Claudia’s shoulders were as broad as a man’s, straight—not sloped like Rebekah’s own. Even just standing there holding a towel, not lifting a chair or exerting herself in any way, the muscles in Claudia’s arms were dense and defined, slick with water and dark like the cool skin of something just pulled up from the sea. She stood completely naked, the towel at her side, and the Cronies would never have guessed this: her breasts were as high and full as those of a girl half her age. A line of water ran between them, down the plane of a stomach long and flat, contoured. Rebekah’s eyes, tracing that surface, seemed to fall for whole minutes, until she reached Claudia’s hip bones, their protective curve, and then there was the length of her legs. Her thighs looked as if they’d been carved out of wood, and her knees were pronounced, covered with small scars. Water ran down Claudia’s shins, past her calf, toward the feet she’d been trying to dry.

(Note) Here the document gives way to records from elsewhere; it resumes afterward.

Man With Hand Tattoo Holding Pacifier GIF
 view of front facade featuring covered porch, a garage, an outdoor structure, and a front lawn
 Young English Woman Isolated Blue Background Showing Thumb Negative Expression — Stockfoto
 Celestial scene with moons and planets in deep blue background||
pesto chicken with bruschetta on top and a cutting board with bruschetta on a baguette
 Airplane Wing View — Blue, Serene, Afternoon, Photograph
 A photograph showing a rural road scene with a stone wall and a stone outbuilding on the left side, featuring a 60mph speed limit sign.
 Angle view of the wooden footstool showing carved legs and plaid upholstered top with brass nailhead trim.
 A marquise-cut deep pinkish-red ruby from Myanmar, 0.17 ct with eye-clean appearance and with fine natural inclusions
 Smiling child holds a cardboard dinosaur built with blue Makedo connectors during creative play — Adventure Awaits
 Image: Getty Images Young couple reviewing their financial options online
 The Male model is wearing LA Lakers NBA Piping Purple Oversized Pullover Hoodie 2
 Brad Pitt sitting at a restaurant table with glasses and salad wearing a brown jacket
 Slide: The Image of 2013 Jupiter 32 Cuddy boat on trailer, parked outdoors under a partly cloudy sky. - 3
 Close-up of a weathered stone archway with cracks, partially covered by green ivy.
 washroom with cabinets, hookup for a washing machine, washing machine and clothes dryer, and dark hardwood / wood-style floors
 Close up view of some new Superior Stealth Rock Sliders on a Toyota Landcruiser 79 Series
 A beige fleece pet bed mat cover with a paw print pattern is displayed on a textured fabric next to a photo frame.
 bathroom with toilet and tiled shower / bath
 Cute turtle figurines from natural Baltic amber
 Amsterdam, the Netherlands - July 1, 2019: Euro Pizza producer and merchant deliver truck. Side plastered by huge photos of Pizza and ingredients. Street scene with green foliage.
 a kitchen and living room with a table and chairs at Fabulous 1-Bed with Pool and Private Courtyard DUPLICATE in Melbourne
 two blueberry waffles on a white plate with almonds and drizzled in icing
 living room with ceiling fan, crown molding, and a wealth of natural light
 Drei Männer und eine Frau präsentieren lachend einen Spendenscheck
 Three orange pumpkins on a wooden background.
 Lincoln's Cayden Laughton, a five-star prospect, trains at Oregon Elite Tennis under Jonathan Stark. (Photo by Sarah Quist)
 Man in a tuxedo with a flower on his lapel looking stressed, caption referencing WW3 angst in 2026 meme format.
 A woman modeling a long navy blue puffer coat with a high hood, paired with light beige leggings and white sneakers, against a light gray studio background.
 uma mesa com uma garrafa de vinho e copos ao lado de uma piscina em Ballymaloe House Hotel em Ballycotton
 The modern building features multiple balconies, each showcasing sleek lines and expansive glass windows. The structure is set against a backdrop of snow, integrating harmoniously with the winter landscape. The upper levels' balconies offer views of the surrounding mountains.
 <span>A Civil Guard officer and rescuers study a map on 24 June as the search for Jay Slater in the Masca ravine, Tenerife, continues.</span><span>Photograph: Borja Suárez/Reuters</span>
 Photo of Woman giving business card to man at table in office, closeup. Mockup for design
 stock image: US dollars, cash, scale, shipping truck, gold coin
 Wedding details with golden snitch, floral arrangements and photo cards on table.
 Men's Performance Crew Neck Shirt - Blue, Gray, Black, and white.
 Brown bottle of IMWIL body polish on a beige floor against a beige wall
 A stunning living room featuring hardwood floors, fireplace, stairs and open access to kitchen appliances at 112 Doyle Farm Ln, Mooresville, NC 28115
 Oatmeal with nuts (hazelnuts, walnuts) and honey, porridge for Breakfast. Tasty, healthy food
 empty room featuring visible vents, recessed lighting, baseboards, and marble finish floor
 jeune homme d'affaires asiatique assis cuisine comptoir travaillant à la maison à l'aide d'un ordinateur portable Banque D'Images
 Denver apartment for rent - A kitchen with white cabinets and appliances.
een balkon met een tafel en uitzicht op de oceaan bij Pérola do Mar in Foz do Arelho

“Okay. I’m just going to palpate your uterus manually now,” Dr. Gil said, as if it made sense. He pressed against her abdomen and stared into the distance, measuring something he couldn’t see. When he was finished he snapped off his latex gloves and stood beside Rebekah, gently easing aside the paper gown. He ran his fingers over each breast, as if playing the piano, and pressed under her armpits. It had been the look on Claudia’s face that most amazed Rebekah, a look she’d never seen Claudia give anyone. What had it been? Not fear or shyness or anger at being interrupted, even though Rebekah guessed that no one had ever seen Claudia completely naked as an adult.
“Yep,” Dr. Gil said. “There’s a baby in there.” He reached for his prescription pad, wrote down the name of a prenatal vitamin, talking as he wrote about folic acid and iron and calcium. He said based on her rough estimate of her last period and the internal exam, he’d put her at ten weeks pregnant, at term on July 23. Rebekah gathered the paper sheet around her, answered his questions: No, she didn’t smoke or drink alcohol, didn’t like
fast food. Yes, she was tired and nauseated, but manageably so. He told her to come back in a month and they’d listen to the baby’s heartbeat; he handed her a stack of pamphlets on nutrition, sex during pregnancy, when to call the doctor, and all the while Rebekah was seeing Claudia’s expression. Bemusement, that was part of it. Her face seemed to say: Here it is. Later she had walked out of the bathroom wearing a white dress shirt, a sweater vest, and a pair of dark brown corduroys, and no one looking at her could have known.
“Congratulations, Rebekah,” Gil said, offering her his hand.
She took it, grateful suddenly, even fond of him, “Thank you,” she said.
“You should go to T.J. Maxx,” Red said. “The wife gets everything there, clothes and dishes, and now she’s started bringing home food I’ve never heard of before.”
“Food you’ve never heard of before?” Slim asked. “And it came from a clothes store? Has she tried stuff from the bait shop? The automotive center?”
Jim Hank gave his wheezy, painful laugh. “What kind of food have you never heard of? Is it Martian? Canadian?”
Red said, “All right, you tell me, then: what’s a caper? If your wife brung home a jar of capers, what would you say that is?”
Slim and Jim Hank sat back, considered each other.
“I can’t say I know what a caper is,” Jim Hank said.
“Never come acrost one myself,” Slim said.
Claudia looked through the phone book, writing down the name and address of the now closed secondhand store from which she and Rebekah said they’d go retrieve a few things. “Do you know which part of Elm this is?” Claudia asked. “One twenty-two B? Is that before or after Walnut?”
“The two of you don’t interest me much anymore,” Hazel said, pulling her necklace, a heavy gold Celtic cross, out of Oliver’s mouth. “You were fine for a while, but now I only really love the baby.”
“Sam’s Club is where you ought to go, Slim,” Red said, pointing at his friend with the red tip of his cigarette. “You could get your tires and also twenty-four rolls of toilet paper and a gallon of mayonnaise, all at the same time.”